**What needs to be done:** Pull out every line from the line containing "The Type 4 seal" through the end of the material, both ends included, and reproduce it exactly. Keep pictures out.
**** Excerpted data
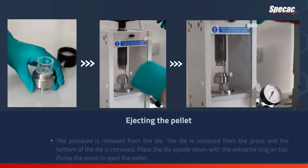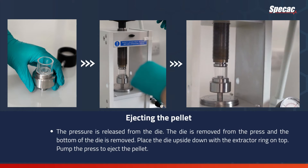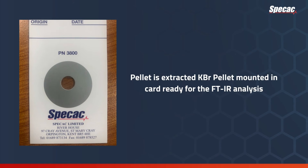To eject the pellet, the pressure is released from the die. Place the die upside down with the extractor ring on top. Pump the press to eject the pellet. Finally, the extracted KBR pellet is mounted in a SpecaCard and is ready for FTIR analysis.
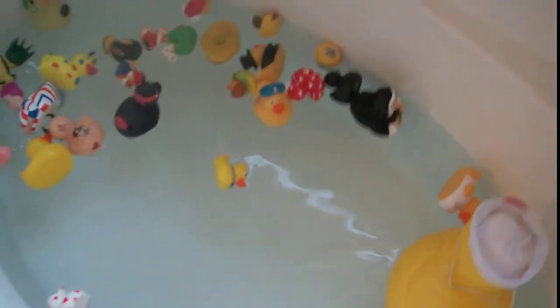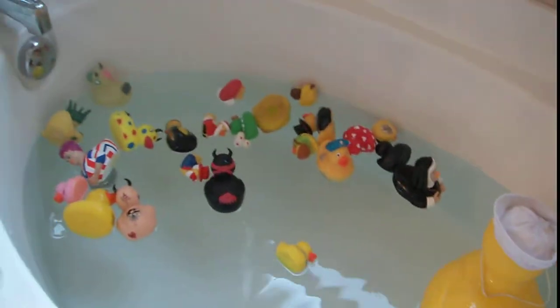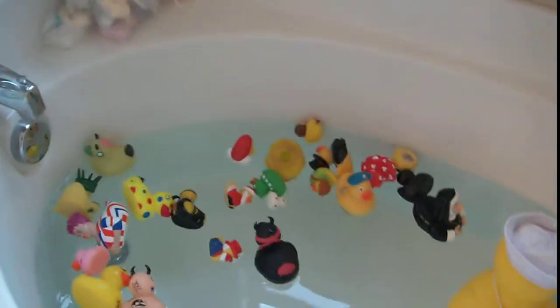Lots of ducks. Are we done? I want to see something. We'll put it back in the water so you can see the screen. That's what it looks like.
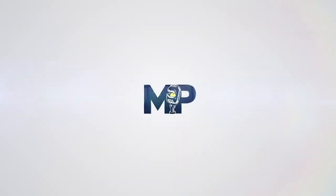Next question is from M. Tino 10. How important is having a lower back arch when chest pressing? Are there ways to improve having a stronger arch?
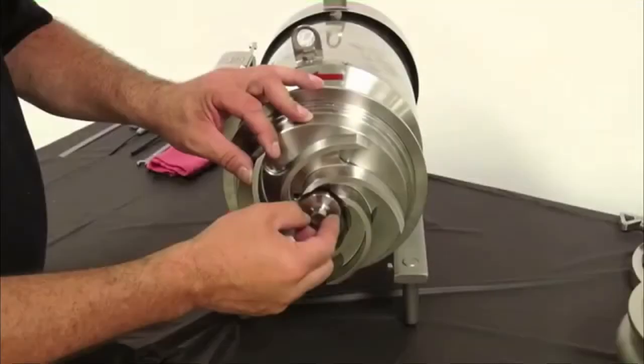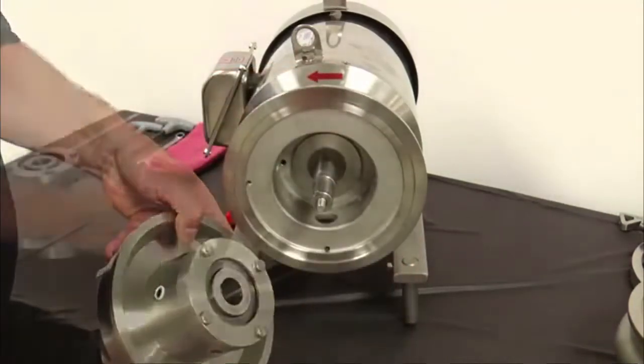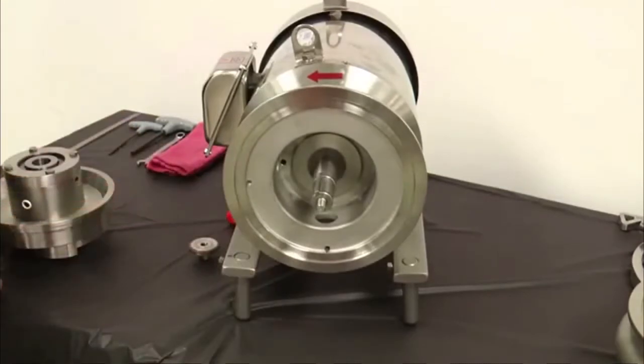The Type 4 seal is essentially two Type 1 seals assembled back to back in a chamber, which bolts to the back plate in place of the stationary seat retainer. Except for the additional components of the chamber and seals, Type 1 and Type 4 components are interchangeable. Once the pump has been relieved of any product pressure and the power has been shut off and locked out and the casing has been removed, remove the retaining bolt and the impeller assembly from the stub shaft and place on a clean flat surface.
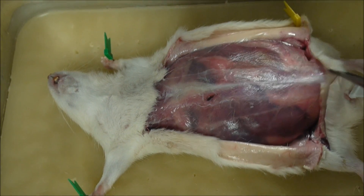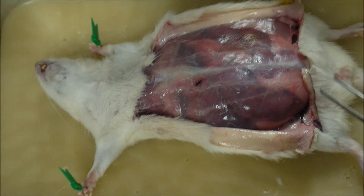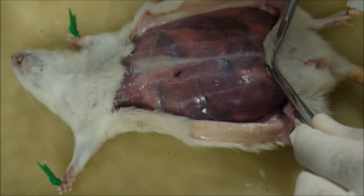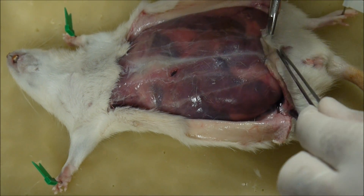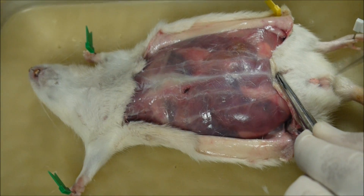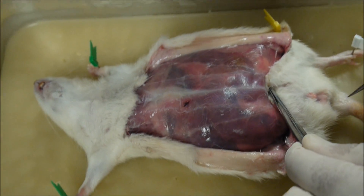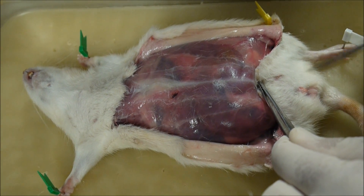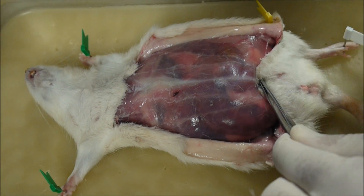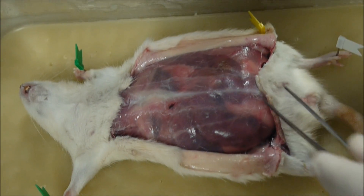Now let's also identify some of the openings. You've got the vaginal opening here, the urethral opening — the urethra through which urine comes through — the vaginal opening, and the anal opening. So three openings. We call them the urogenital triangle. Three openings.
********
**Answer box:**
The Type 4 seal is essentially two Type 1 seals assembled back to back in a chamber, which bolts to the back plate in place of the stationary seat retainer. Except for the additional components of the chamber and seals, Type 1 and Type 4 components are interchangeable. Once the pump has been relieved of any product pressure and the power has been shut off and locked out and the casing has been removed, remove the retaining bolt and the impeller assembly from the stub shaft and place on a clean flat surface.
Now let's also identify some of the openings. You've got the vaginal opening here, the urethral opening — the urethra through which urine comes through — the vaginal opening, and the anal opening. So three openings. We call them the urogenital triangle. Three openings.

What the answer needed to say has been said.